Once the EOS 7D is in the 'creative zone', users can adjust the ISO setting into one of nine positions from 100 to 12,800 (you need to to enable the 12,800 mode via the "ISO expansion" custom function option). This extensive ISO range allows you to shoot in almost any lighting conditions without having to resort to using the built-in pop-up flash or an external flashgun. The pop-up flash has a moderately powerful guide number of 15 and can be used with lenses up to 15mm wide. Canon have also equipped the EOS 7D with an integrated Speedlite Transmitter, making it easy to trigger external Speedlite flashguns with no additional accessories required.

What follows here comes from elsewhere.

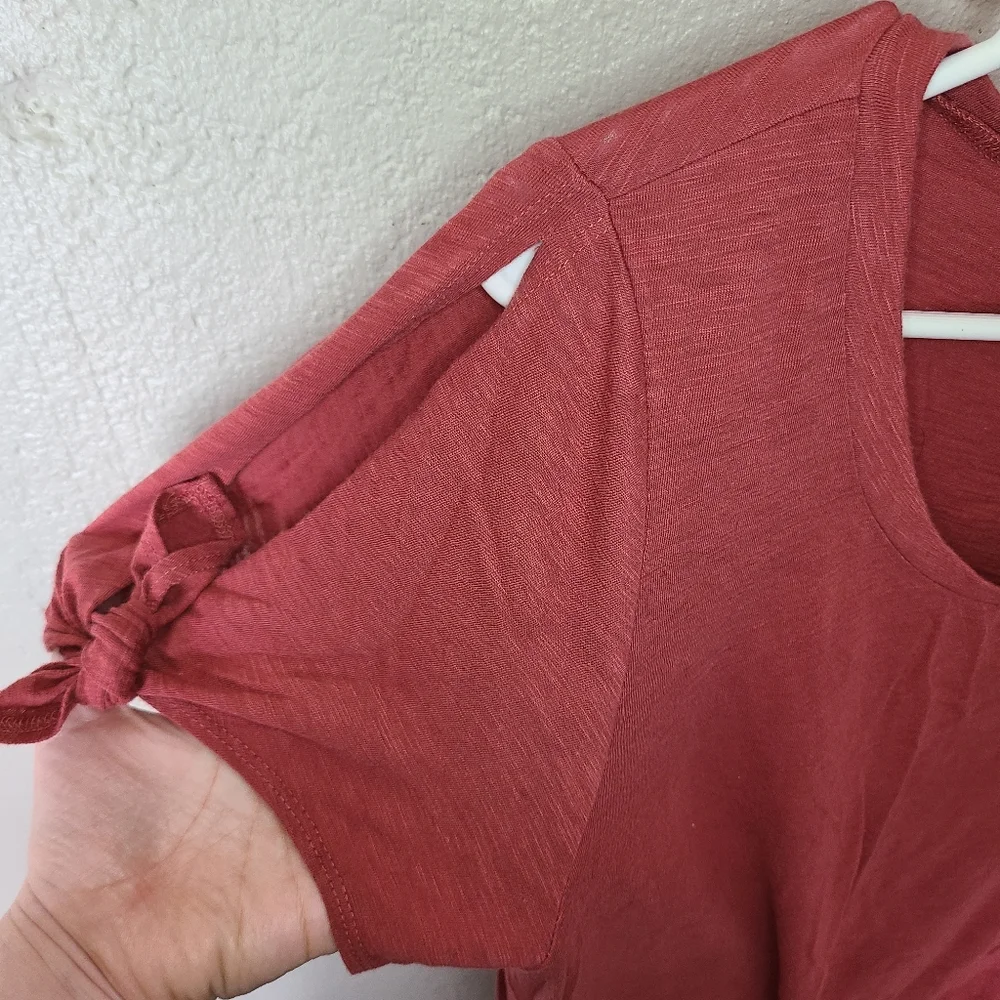 Motherhood Maternity Basic Tops Bundle - Picture 7 of 11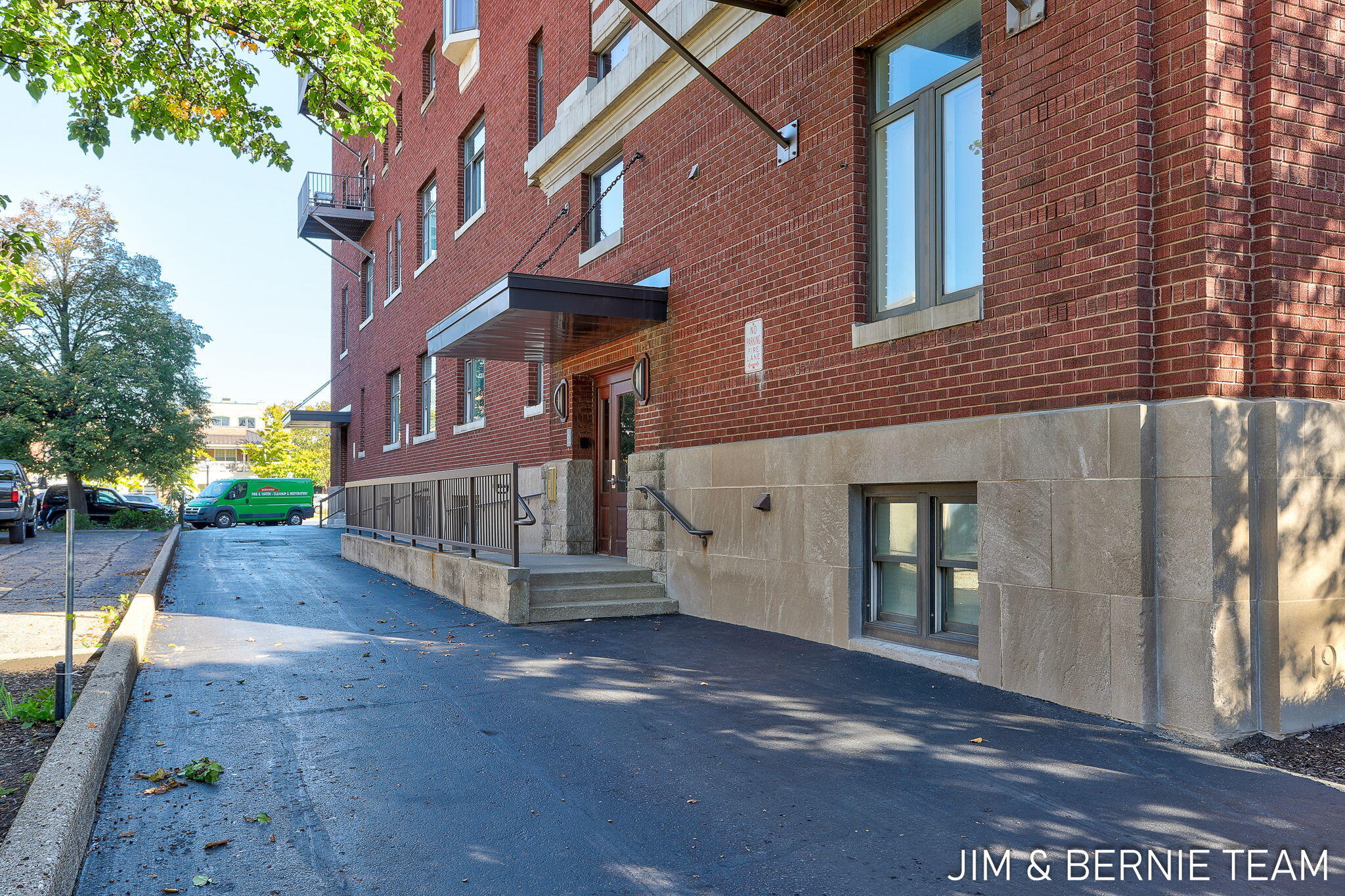 17 W 10th Street 420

The 7D's menu system is the same as on most EOS cameras, utilising a simplified tab structure that does away completely with scrolling. There are 11 colour-coded horizontal tabs and up to 7 options in each one, providing quick and easy access to the various options. You can even setup your own customised menu page for instant access to frequently used settings via the My Menu tab. Only the complex Custom Functions menu detracts a little from the overall usability. The documentation that comes with the 7D is very clear, as it is with all Canon cameras. You get a detailed manual in English throughout and you'll find everything you need to know about the camera's operation in here, without the need to search through the supplied CDs for an electronic manual.

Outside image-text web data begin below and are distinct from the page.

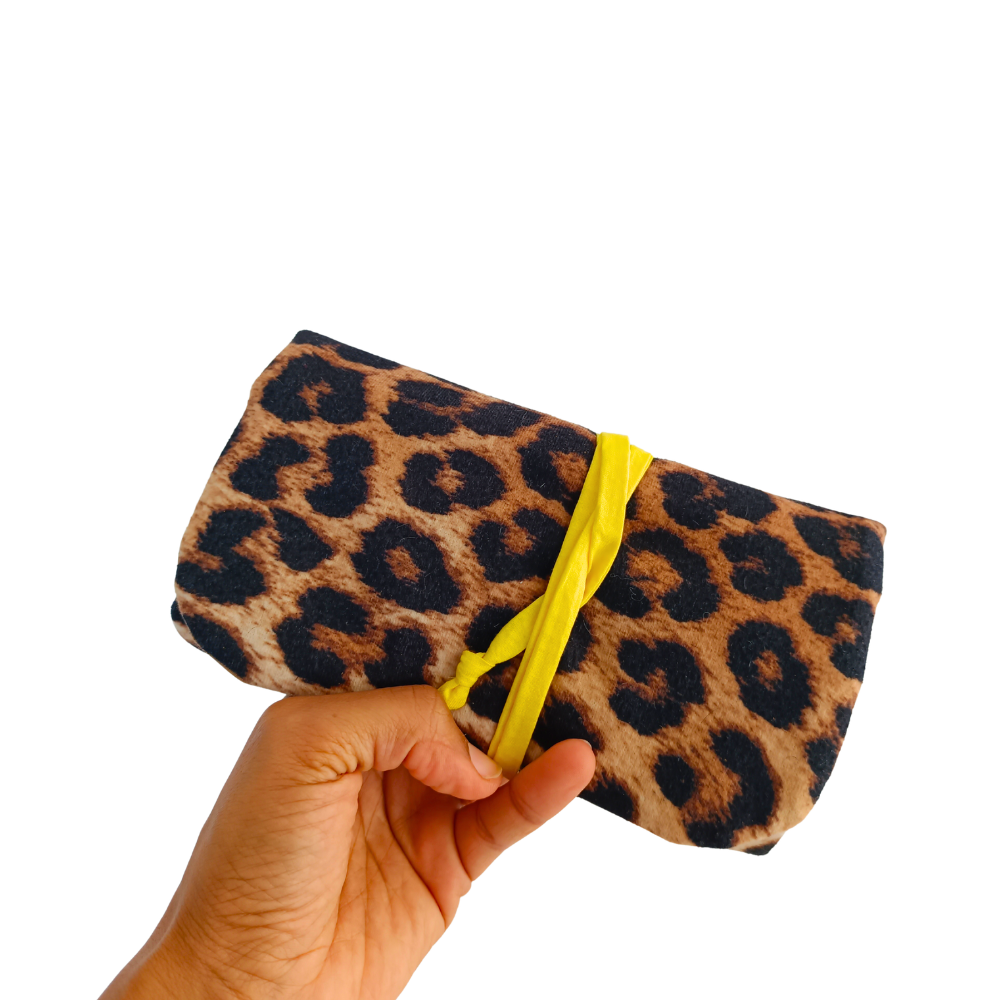 Pochette à bijoux pop de la marque écoresponsable La Machine à récup qui revalorise des tissus avec la participation d'ateliers solidaires.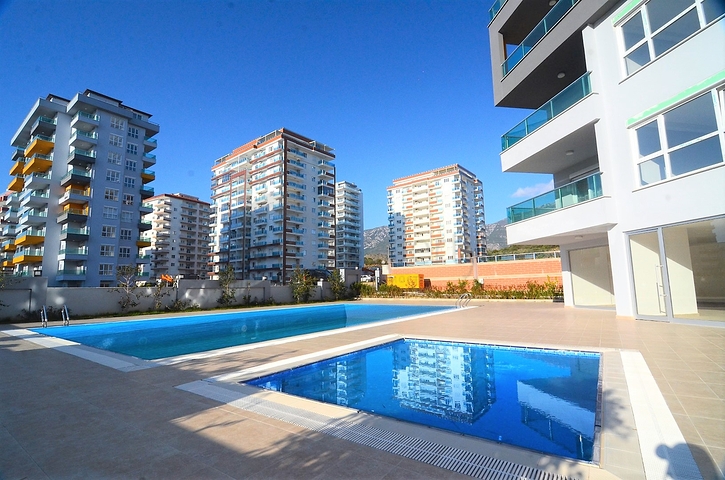 Двухкомнатная квартира с мебелью в новом комплексе Махмутлара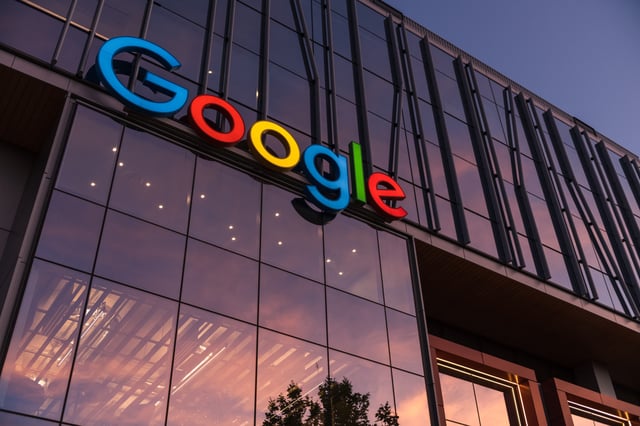 Stock Image: The South Lake Union Google Headquarter entrance at sunset, Seattle, USA - Jul 24, 2022.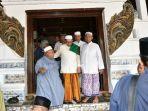 salim-segaf-al-jufri-berziarah-ke-makam-sunan-gunung-jati.jpg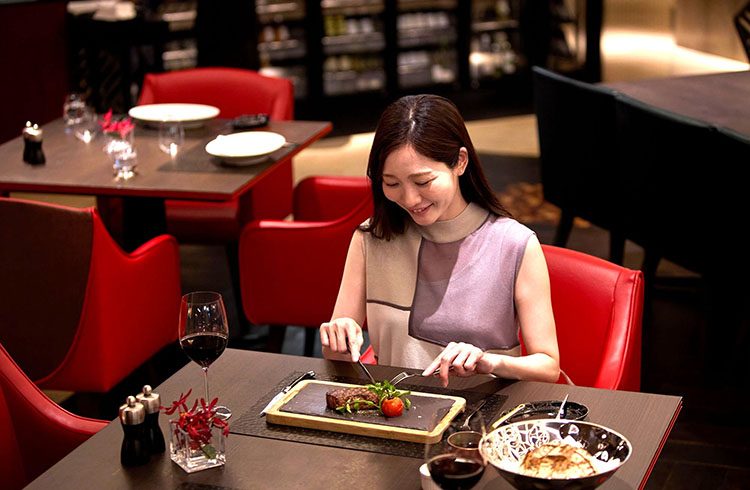 【アップグレード確約＆プール＆WiFI無料】リラックスホリデーステイ（レストラン25％OFF＆朝食）
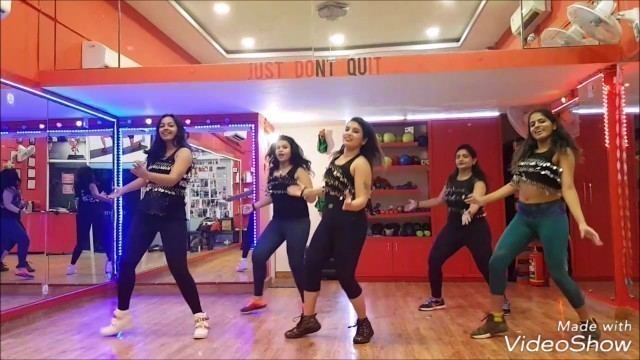 'Ek Do Teen | Baaghi 2 | Bollywood Dance Fitness | Zumba | Jacqueline Fernandes | Madhuri Dixit'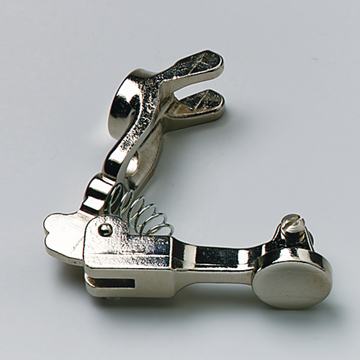 Das Bild zeigt ein metallisches Experimentierinstrument mit verschiedenen beweglichen Teilen, das vermutlich in der schulischen Experimentierausstattung verwendet wird. Es könnte sich um ein Gerät handeln, das zur Durchführung physikalischer oder mechanischer Experimente dient.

I tested the EOS 7D with the new EF 18-135mm f/3.5-5.6 IS lens, which is offered as one of two 7D kit lenses in some regions. This combination offered fast, positive autofocus which can track moving subjects very well, isn't too heavy and is also pretty quiet. It does exhibit some noticeable distortion though, particularly at the wide-angle end. The 18-135mm lens also crucially features image stabilisation. This is important for Canon, as several competitors offer image stabilisation that's built-in to the camera body. The difference between Canon (and Nikon) and the other manufacturers is that Sony, Olympus and Pentax have opted for stabilisation via the camera body, rather than the lens, which therefore works with their entire range of lenses. Canon's system is obviously limited by which lenses you choose, but it does offer the slight advantage of showing the stabilising effect through the viewfinder. Canon and Nikon also claim that a lens-based anti-shake system is inherently better too, but the jury's still out on that one.

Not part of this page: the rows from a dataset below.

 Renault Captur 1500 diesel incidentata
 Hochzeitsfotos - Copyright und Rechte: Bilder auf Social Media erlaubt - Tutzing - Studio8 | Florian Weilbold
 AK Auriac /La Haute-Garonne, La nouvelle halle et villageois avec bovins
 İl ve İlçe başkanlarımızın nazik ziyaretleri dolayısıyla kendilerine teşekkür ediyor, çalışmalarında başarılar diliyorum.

The EOS 7D features not one but two DIGIC 4 processors, which produces noticeably faster image processing, start-up and image review times than previous Canon DSLRs that we've reviewed (as you'd expect), and better noise reduction in high-ISO images (jump to the Image Quality page for ISO samples). The twin DIGIC 4 processors also allow the 7D to shoot a lot faster than most other EOS models, obtaining a very fast speed of 8fps at 14-bit for up to 126 full-sized JPEGs or 15 RAW images when used with a UDMA (Ultra Direct Memory Access) Compact Flash memory card.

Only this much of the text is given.